Each float4 is 128-bits wide, so threads 0,4,8 & 12 would access banks 0-3; Thread 1,5,9 & 13 banks 4-7?
This would suggest that bank conflicts are only avoidable when using 32-bit (or less) data items. Is that true?

Also, how much do the numbers you give (memory sizes, warps, etc) vary across the various nvidia processors?

All of this seems to mean you need to write highly specialised code for each type of compute device. How much performance are we sacrificing if we write more generic code?

Hi Paul,

"So what happens when using (for example) a float4 array and each thread accesses successive items?

Each float4 is 128-bits wide, so threads 0,4,8 & 12 would access banks 0-3; Thread 1,5,9 & 13 banks 4-7?
This would suggest that bank conflicts are only avoidable when using 32-bit (or less) data items. Is that true?"

In this case the float4 data is mapped across 4 banks. Each bank entry is only 32 bits wide on current hardware. So the first 4 threads would read their respective data with no bank conflict. The 5th thread read would result in a bank conflict since it would overlap with the first and so forth. Although the -N constructs (where N > 1) are supported, the benefit from packing data into the vector type when shared memory is used isn't really there from my understanding.

Note that bank conflicts can only occur when more than one thread in a single half-warp is accessing the same bank (with the exception of broadcast, of course). This is because a separate read/write instruction is issued by the hardware for each half-warp.

"Also, how much do the numbers you give (memory sizes, warps, etc) vary across the various nvidia processors?"

On all hardware currently programmable with OpenCL or CUDA compute 1.1 or higher a warp is by definition 32 threads. There was talk that at some point a warp would no longer be serviced as two half-warps in future hardware. But I can't find the reference to where I heard/read that, so I'm not certain what/when/where that will change.

On current hardware (compare say NVIDIA compute 1.0 vs. 1.2 hardware, for example), there are significant differences in what is done as a coalesced load versus uncoalesced.
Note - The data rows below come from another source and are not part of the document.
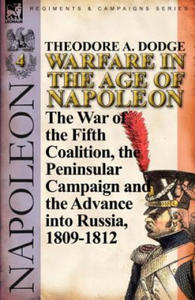 Warfare in the Age of Napoleon-Volume 4 - 2876030263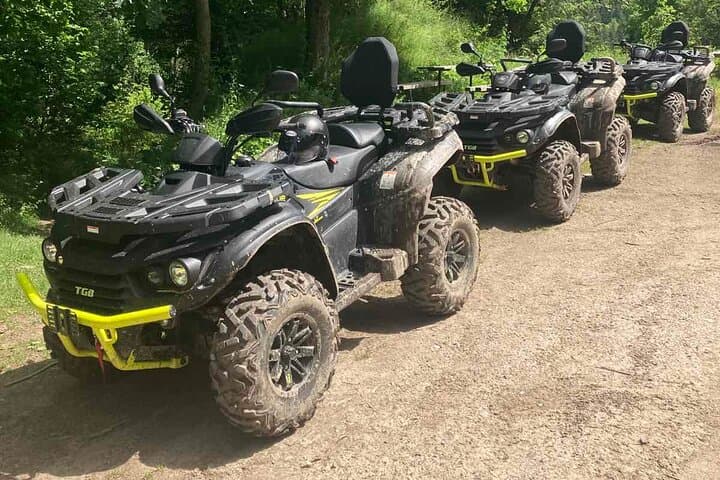 Private ATV Quad Safari in Borovets: Rila Mountains Adventure photo 3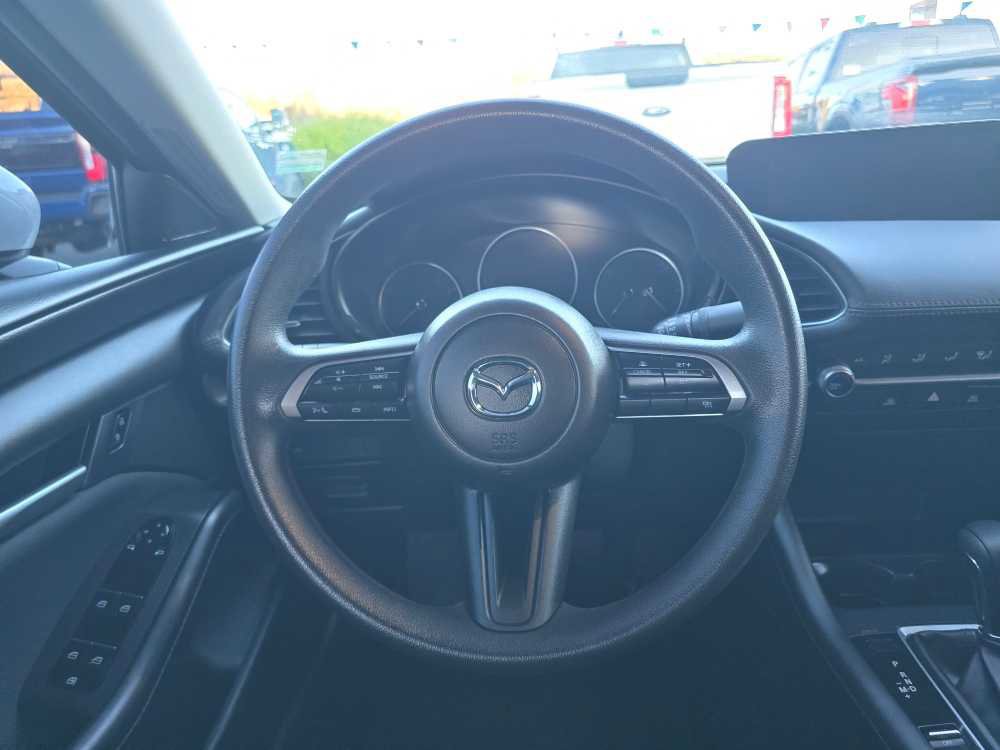 Used 2024 MAZDA MAZDA3 s image 11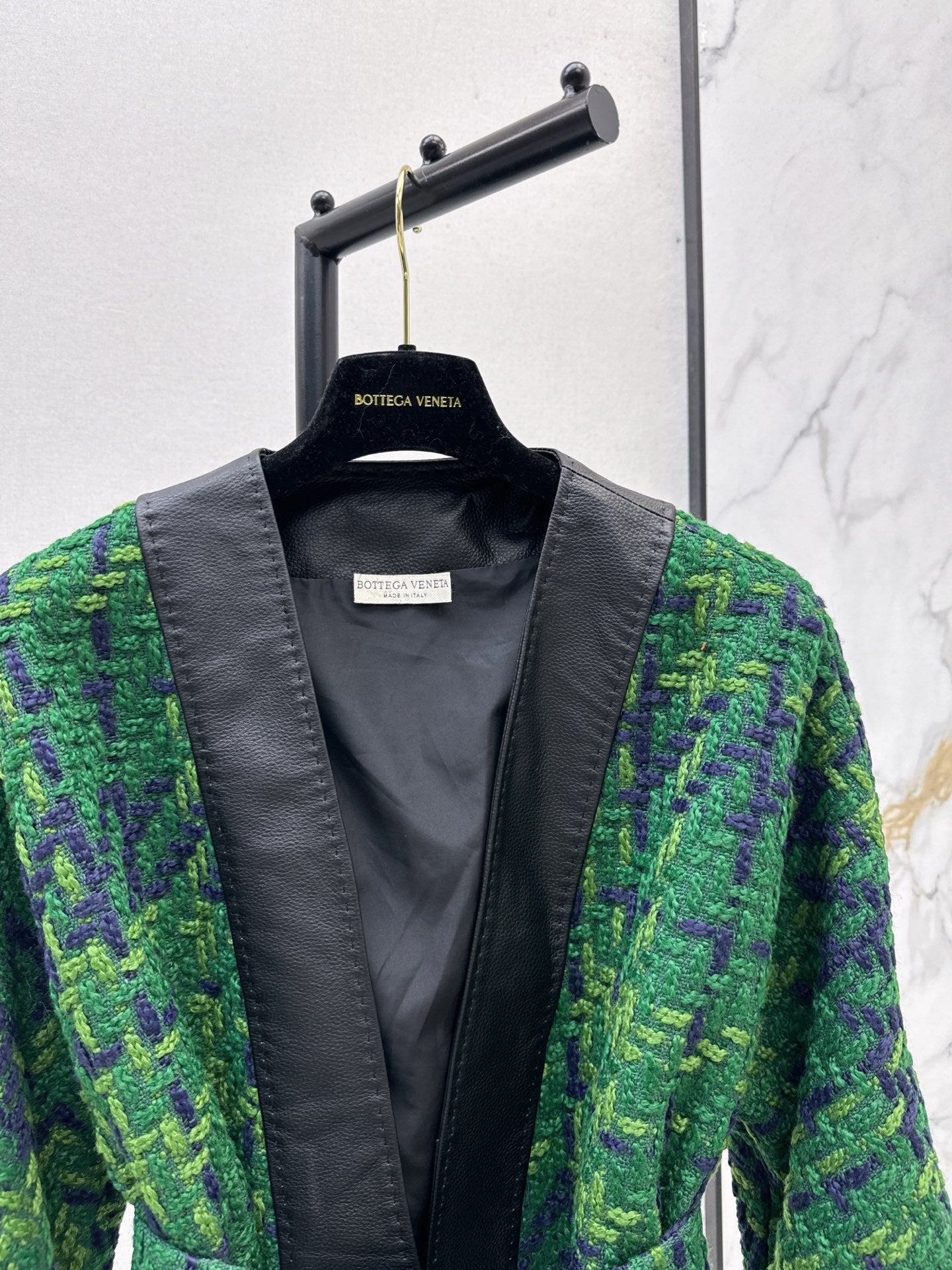 Bottega NEW woven jacket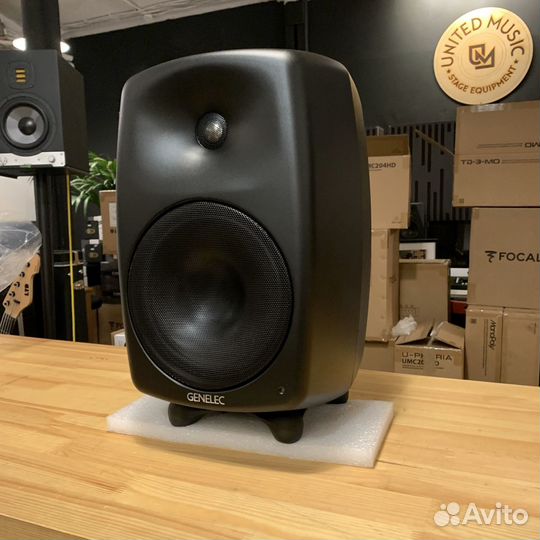 Genelec G5AMM Speaker G Five black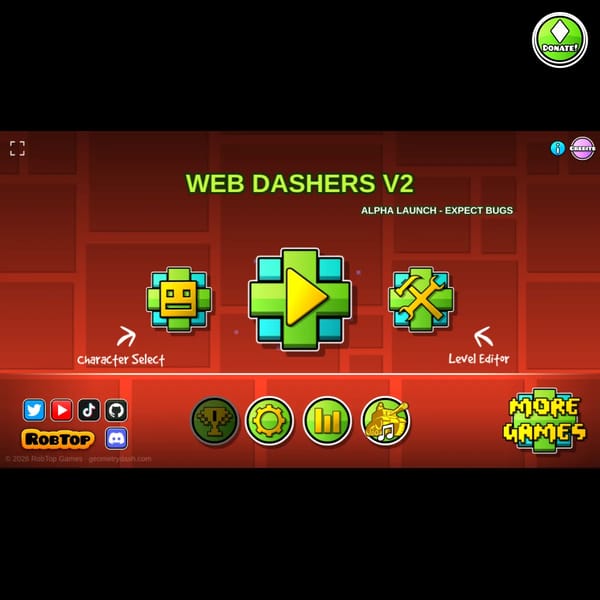 Web Dashers V2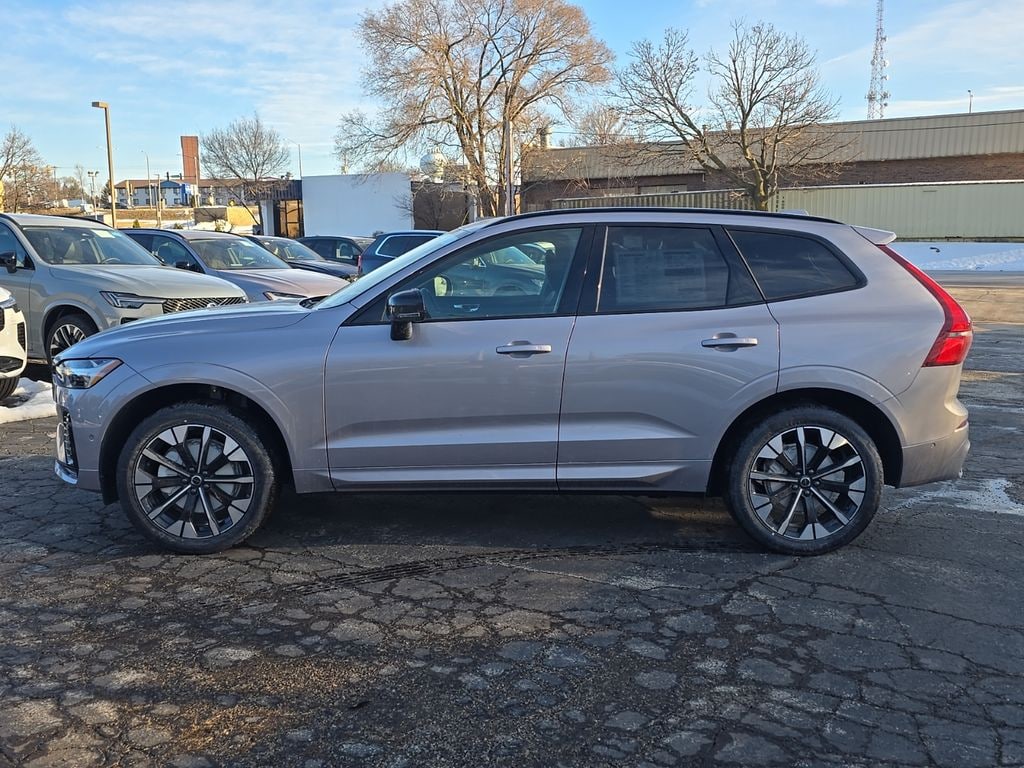 New 2026 Volvo XC60 B5 Plus SUV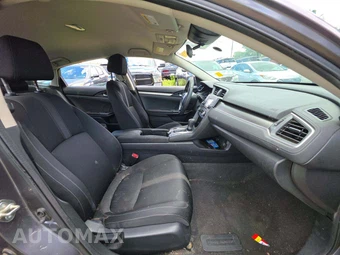 2020 Honda Civic Sedan LX - miniatura 18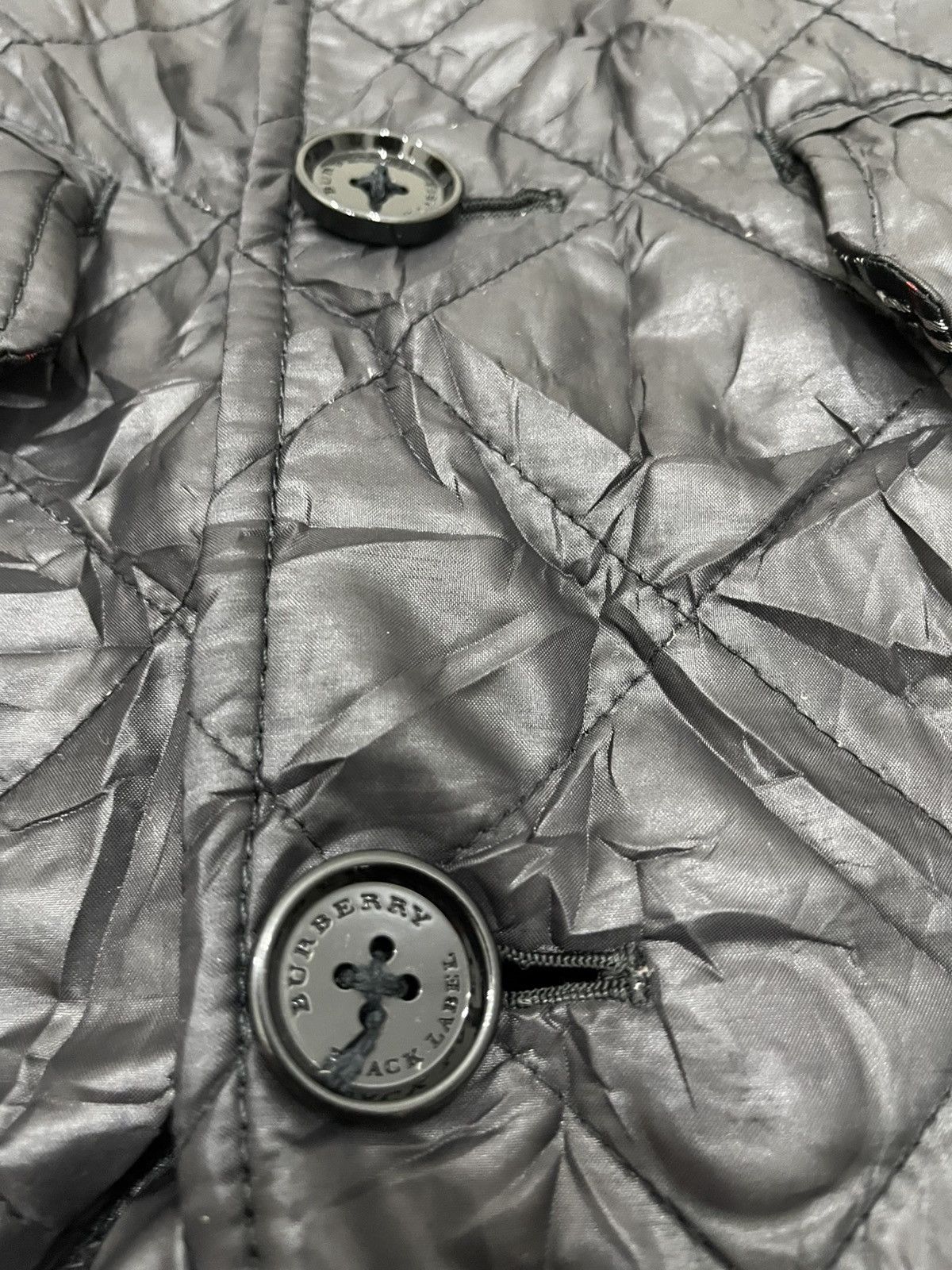 Burberry Burberry Black Label Puffer Jacket Size US M / EU 48-50 / 2 - 6 Thumbnail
For example, on 1.0 hardware all threads must participate in a data load for the load to occur as a single transaction, whereas on 1.2 or higher hardware, that is not the case (the hardware will detect that using a set of heuristics).

All of that effectively means you may need to target multiple types of hardware to get optimal performance. However, if you can, target layout data and access patterns for the dumbest hardware, and you'll get the performance for free on all future hardware. Easier said than done sometimes, of course :)

"All of this seems to mean you need to write highly specialised code for each type of compute device. How much performance are we sacrificing if we write more generic code?"

That's really application dependent as I'm sure you can imagine. However, I've found that trying to refactor code for the lowest hardware I need to support gives me big wins in the end on the newer hardware (and more important for me, when I back port the optimized code/data structures to the CPU). I tend to use the approach of optimizing where needed or when something comes up. Unfortunately, GPUs are simply not as forgiving as CPUs. At least not yet.

HTH,

Dave

Yes. That is correct. A 64B segment will be written sequentially across all 16 banks if the type is sizeof(32-bit).

Regarding registers. Each SP has access to 2K entries in the register file that is shared (16K entries per SM). The total register file size is 64KB (which is double the size on the G80 series). The registers are allocated and partitioned at compile time by the JIT compiler for the given kernel and card.

Hope that helps,

Dave